This question was inspired by and is somewhat related to this question.
In his article "Crystals and the de Rham cohomology of schemes" in the collection "Dix exposes sur la cohomologie des schemas" Grothendieck defines the (small) infinitesimal site of an $S$-scheme $X$ using thickenings of usual opens. He then proceeds to prove that in characteristic $0$ the cohomology with coefficients in $\mathcal{O}_{X}$ computes the algebraic de Rham cohomology of the underlying scheme. This is remarkable, because the definition of the site does not use differential forms and it is not necessary for $X/S$ to be smooth.
This fails in positive characteristics, and as a remedy, Grothendieck suggests adding the additional data of divided power structures to the site, which he then calls the "crystalline site of $X/S$". This site then has good cohomological behaviour (e.g. if $X$ is liftable to char. $0$, then cohomology computed with the crystalline topos is what it "should be").
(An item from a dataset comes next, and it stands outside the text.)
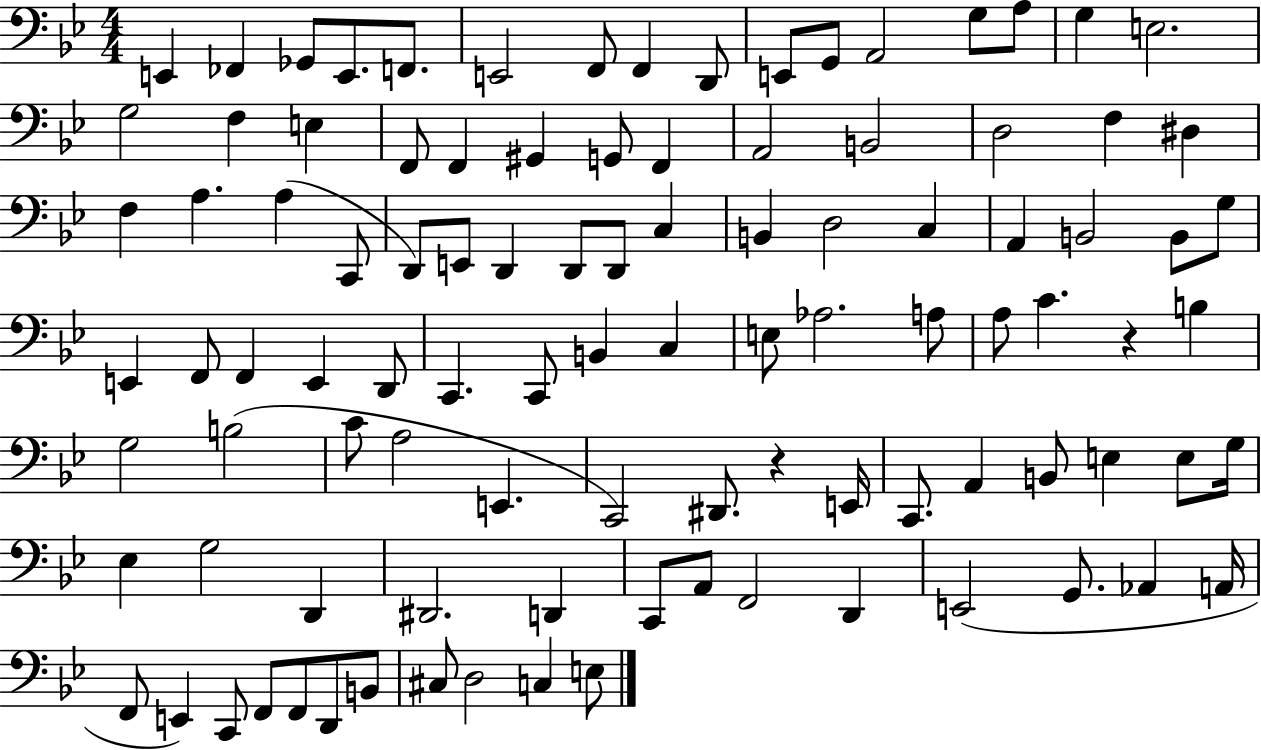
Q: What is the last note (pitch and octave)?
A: E3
The theory of the crystalline topos was of course worked out very successfully by Pierre Berthelot.
My question is: Even though the infinitesimal site is in some sense not nicely behaved in positive characteristics, have people continued to study it in this context? What kind of results have been obtained, and has it still been useful? I'm particularly interested in results about $D$-modules in positive characteristic (i.e. crystals in the infinitesimal site if $X/S$ is smooth), but I am also curious to see in which other directions progress has been made.
Best Answer
There is a paper of Ogus for 1975, "The cohomology of the infinitesimal site", in which he shows that if $X$ is proper over an algebraically closed field $k$ of char. $p$, and embeds into a smooth scheme over $k$, then the infinitesimal cohomology of $X$ coincides with etale cohomology with coefficients in $k$ (or more generally $W_n(k)$ if we work with the infinitesimal site of $X$ over $W_n(k)$).
Note that, since $k$ has char. $p$, we are talking about etale cohomology with mod $p^n$ coefficients, so this is "smaller" than the usual etale cohomology; it just picks up the "unit roots" of Frobenius. So the infinitesimal cohomology gives the unit root part of the crystalline cohomology.